中学校の教科書検定 知の探求は止められない(2024年3月24日『茨城新聞』-「論説」)

 2025年度から中学校で使われる教科書の検定結果が公表された。現行の学習指導要領に基づく2回目の検定で記述内容に大幅な変更は見られなかったものの、紙面に掲載された2次元コード(QRコード)の多さが目を引いた。

 1人に1台行き渡っているタブレット端末などを使って生徒が読み取ると、教科書に関連した記述や英語の音声、動画などにつながる仕組みになっている。初登場した前回の数十倍に扱いを増やしたものや、1冊に100カ所以上掲載したものもあり、教科書会社の力の入れようが分かる。

 生徒の利便性向上に加え、デジタル対応をアピールした方が、採択時に有利になるとの思惑があるためだ。半面、デジタル教材は各社が自前で用意しなければならない。関係者からは「これが採択に直結すれば今後は体力のない会社は生き残れない」との声も上がっており、教科書作りは大きな岐路を迎えている。

 QRコードが教科書に掲載されるようになったのは20年度以降に実施された学習指導要領に「情報活用能力の育成を図る」との文言が盛り込まれたのがきっかけだ。

 教科書検定基準は「教科書記述と密接な関連を有するもの」と定めており、文部科学省は「本文との関連性において必要な部分は検定対象になる」と説明している。

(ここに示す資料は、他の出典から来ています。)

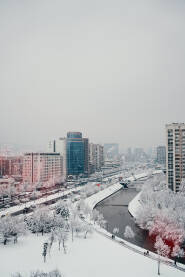 Sarajevsko naselje Otoka prekriveno snijegom.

 一方で「リンク先の情報や動画などについて一言一句まで細かくは見ていない。全てを検定対象にはできない」と一線も引いている。分量があまりに膨大なため、教科書会社から提出された要約資料を見て内容の妥当性を判断しているという。

 検定はあくまで紙の教科書を対象とする。デジタル教材の内容は、これまでの副教材と同様に教科書会社に責任がある。それが文科省の見解だ。

 こうしたグレーゾーンが顕在化すると「デジタルコンテンツも含めて国はきちんと検定をすべきだ」との意見が出る恐れがあるが、教科書以外に文科省が口を出すのは越権行為であり、抑制的な姿勢で臨むのは当然だ。

 とはいえ、検定制度ができた当時は想定していなかった事態に遭遇しているのも事実だろう。

 子どもたちは日常的にインターネットに接するようになり、スマートフォンなどを使って検索もしている。情報を入手する媒体の「主従」の垣根は低くなり、場合によっては逆転している。

 知の探求を教科書の枠内に押しとどめることはできない。学習指導要領では触れていない知識に接し、教科の内容に興味を持つこともあるだろう。そうした相互乗り入れが当たり前の時代に子どもたちは生きている。

 新しい情報や知識には間違いが付きものだ。誤りはただす必要があるが、正しさを求めるあまり、教科書以外の媒体を遠ざけてはならないし、管理すべきでもない。

 「学ぶべき最低基準」であるはずの学習指導要領は肥大化を続けている。その内容を忠実に反映して作られる教科書の総ページ数は、今回も高止まりしたままだ。子どもたちの負担は増し、学校は過密な時間割を組まなければ学習内容をこなせなくなっている。

 教科書が主たる教材であることに変わりはないが、学びの形は変化している。デジタル教材の隆盛は、学習指導要領の在り方にも問いを投げかけている。